District of the Month: Delting
by Alastair Hamilton -
Every district in Shetland has its particular appeal and, each month, we look at what each part of our islands can offer for new residents. This month, we visit Delting, part of Shetland's north mainland; Brae, the largest village in the area, is about 25 miles north of Lerwick.
The "ting" in the name comes from the same root as the Tynwald (parliament) in the Isle of Man or Dingwall in Scotland. It indicates that Delting was once an administrative unit under Norse rule; there are several other Shetland examples, including Tingwall, Lunnasting and Aithsting.
The ridges of hills that run from north to south through the Shetland mainland are the backbone of Delting's landscape. They produce a quite striking fjord-like inlet on the east side and such sheltered sea inlets (voes) provide excellent conditions for growing mussels and salmon. Much of the land is heather or grass moorland but, around the coast, there are lower-lying areas of cultivated land. The island of Muckle Roe, linked by a bridge, has some of Shetland's most appealing scenery, with wonderful walking, and great coastal landscapes in the adjoining district of Northmavine are just a few minutes away.
In the past, Delting folk made their living mainly from fishing, crofting and knitting. During the Second World War, Sullom Voe was a seaplane base and also had a military airport. However, since the 1970s, the parish's history has been bound up with the development of the large oil terminal at Sullom Voe, soon to be joined by a gas terminal. There are associated harbour facilities and a dedicated airport at Scatsta. In the late 1970s, the villages of Brae, Mossbank and Voe and the hamlet of Firth were expanded to cope with an increased population.

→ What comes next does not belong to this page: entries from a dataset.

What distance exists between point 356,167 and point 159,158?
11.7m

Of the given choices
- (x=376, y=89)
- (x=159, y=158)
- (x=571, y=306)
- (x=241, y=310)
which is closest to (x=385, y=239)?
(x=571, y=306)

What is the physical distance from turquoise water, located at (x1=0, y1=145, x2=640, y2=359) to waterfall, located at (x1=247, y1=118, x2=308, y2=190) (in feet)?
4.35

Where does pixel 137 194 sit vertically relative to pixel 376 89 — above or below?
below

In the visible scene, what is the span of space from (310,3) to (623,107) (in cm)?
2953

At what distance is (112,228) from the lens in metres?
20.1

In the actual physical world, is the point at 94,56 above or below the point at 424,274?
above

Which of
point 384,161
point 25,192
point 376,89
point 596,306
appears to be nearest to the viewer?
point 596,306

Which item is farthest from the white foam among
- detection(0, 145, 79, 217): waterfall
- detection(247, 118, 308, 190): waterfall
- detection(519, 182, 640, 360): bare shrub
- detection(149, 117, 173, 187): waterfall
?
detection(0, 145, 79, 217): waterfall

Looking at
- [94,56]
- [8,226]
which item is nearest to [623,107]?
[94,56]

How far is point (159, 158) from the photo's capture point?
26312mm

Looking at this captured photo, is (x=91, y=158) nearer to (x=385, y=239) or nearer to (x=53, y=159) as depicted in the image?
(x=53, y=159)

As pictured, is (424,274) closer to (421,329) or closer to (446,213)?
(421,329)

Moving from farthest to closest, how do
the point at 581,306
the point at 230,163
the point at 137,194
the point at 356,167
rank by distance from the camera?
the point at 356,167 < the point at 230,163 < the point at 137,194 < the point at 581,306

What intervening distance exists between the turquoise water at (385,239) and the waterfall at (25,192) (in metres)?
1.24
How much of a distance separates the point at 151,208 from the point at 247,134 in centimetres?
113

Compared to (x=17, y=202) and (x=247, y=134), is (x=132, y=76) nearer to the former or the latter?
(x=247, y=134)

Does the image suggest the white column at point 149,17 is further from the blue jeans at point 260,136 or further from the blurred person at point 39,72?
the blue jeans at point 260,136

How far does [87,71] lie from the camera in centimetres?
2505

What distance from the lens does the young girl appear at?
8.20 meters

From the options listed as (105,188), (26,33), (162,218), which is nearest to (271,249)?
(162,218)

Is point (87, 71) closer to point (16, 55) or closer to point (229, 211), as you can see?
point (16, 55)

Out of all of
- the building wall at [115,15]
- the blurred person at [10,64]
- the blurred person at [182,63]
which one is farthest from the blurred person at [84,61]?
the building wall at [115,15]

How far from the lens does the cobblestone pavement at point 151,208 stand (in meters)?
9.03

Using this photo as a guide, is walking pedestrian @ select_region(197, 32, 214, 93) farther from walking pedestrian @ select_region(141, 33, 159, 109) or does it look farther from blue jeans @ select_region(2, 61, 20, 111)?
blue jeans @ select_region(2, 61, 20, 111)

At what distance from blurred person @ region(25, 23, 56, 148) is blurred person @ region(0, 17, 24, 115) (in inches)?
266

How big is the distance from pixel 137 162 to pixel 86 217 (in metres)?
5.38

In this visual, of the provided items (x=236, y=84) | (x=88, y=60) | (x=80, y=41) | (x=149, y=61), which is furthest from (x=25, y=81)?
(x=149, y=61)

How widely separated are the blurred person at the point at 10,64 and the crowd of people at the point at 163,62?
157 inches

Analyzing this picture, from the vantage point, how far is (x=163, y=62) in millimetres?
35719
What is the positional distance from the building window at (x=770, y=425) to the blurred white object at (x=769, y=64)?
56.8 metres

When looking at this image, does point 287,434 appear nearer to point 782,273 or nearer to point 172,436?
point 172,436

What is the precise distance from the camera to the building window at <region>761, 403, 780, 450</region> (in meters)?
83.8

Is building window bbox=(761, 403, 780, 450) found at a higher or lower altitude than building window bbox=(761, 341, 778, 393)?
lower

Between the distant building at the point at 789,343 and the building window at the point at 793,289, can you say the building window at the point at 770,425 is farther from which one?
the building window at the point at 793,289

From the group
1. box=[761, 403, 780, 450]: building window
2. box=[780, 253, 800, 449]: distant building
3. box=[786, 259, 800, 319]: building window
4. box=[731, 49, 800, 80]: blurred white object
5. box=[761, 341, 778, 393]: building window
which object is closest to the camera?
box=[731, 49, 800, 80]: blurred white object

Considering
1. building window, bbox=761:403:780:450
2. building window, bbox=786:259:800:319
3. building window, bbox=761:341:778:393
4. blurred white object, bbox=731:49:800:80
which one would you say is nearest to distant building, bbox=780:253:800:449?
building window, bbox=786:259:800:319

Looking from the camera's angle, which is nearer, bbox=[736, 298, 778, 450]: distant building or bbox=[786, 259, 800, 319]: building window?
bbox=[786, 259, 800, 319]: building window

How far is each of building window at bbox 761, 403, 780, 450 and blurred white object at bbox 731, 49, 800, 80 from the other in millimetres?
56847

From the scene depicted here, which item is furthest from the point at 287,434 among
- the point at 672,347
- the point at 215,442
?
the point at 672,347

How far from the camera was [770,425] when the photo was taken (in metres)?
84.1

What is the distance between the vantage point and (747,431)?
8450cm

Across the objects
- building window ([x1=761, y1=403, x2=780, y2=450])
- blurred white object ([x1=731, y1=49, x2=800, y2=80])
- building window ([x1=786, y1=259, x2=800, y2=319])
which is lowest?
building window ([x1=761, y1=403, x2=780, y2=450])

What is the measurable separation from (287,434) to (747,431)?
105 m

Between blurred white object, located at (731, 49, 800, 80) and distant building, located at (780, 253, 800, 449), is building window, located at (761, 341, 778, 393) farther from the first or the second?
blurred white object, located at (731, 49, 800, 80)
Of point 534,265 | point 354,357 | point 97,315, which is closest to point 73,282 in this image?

Most of the area's services and facilities are concentrated in the largest village, Brae, where there is a six-year secondary school and a primary school, a health centre and a leisure centre including a swimming pool. Brae also has hotels and shops, including a small supermarket. It also has Britain's northernmost Indian takeaway, whilst Frankie's is Britain's most northerly chippy, and rather a special one. Frankie's recent accolade as best eatery in the Highlands and Islands is just the latest in a very long list of awards. A marina is the base for sailing and fishing in the sheltered waters of Busta Voe.
Voe, in the south of the district, is noted for its decidedly Scandinavian appearance; it was in a building by the pier that the woollen jumpers worn by Hillary's Everest expedition were knitted. Today, the old workshop is one of Shetland's "camping böds", offering low-cost visitor accommodation.

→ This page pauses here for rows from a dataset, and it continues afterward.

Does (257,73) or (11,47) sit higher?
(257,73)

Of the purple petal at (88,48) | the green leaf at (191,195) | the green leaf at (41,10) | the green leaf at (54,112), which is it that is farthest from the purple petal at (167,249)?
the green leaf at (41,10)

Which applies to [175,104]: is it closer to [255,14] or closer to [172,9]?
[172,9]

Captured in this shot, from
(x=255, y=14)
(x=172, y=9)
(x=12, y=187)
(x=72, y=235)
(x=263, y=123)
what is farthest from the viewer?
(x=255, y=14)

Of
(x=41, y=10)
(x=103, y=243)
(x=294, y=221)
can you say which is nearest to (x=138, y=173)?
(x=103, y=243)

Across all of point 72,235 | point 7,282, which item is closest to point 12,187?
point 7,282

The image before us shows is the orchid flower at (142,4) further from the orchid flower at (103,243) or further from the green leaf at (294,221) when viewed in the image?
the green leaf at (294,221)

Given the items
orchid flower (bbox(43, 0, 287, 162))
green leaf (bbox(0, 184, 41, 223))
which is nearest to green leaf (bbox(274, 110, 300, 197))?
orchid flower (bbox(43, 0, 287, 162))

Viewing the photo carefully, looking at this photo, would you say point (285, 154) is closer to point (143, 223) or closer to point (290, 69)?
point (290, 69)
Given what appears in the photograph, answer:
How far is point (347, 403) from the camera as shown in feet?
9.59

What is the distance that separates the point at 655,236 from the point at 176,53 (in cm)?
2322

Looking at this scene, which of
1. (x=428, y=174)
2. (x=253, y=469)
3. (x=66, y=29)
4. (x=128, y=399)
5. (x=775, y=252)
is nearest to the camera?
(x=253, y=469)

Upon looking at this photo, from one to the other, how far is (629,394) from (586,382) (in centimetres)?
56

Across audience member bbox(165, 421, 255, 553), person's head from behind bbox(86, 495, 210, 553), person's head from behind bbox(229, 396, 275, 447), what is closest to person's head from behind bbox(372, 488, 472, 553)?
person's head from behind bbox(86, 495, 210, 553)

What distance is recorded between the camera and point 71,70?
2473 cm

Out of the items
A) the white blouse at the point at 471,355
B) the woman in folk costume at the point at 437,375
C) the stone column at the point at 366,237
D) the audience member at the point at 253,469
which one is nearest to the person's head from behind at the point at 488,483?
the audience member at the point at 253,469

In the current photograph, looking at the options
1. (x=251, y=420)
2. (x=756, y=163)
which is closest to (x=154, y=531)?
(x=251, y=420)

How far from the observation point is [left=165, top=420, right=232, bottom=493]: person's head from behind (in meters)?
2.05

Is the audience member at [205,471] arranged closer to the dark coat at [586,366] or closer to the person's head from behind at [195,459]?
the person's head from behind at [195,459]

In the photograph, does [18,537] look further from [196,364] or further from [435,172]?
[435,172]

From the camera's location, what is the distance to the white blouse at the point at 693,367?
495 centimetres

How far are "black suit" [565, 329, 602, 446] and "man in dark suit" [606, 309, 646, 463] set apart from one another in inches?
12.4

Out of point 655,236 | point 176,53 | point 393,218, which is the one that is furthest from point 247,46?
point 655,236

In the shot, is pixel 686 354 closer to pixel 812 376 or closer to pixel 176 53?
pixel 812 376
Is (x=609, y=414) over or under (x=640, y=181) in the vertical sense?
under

Although the oil industry increasingly relies on visiting staff accommodated in purpose-built accommodation, many local people are employed at the oil terminal, the port and airport or in other oil-related services. The other major employer these days is aquaculture; Brae is an important centre for mussels. It's also an easy commute from Delting to Lerwick, with the capital's jobs and wide range of facilities only about half an hour away.
There's a good range of private housing in Delting and local authority or housing association property may also be available from time to time. Thanks to the current construction activity at Sullom Voe, affordable private rented property is harder to find, but that should ease in the years ahead.
Summing up, Delting offers a good range of places to live, with excellent facilities on the doorstep and more available in Lerwick. There's an excellent range of outdoor and indoor pursuits, too, and it's a welcoming community that has successfully adopted hundreds of new Shetlanders over the past forty years.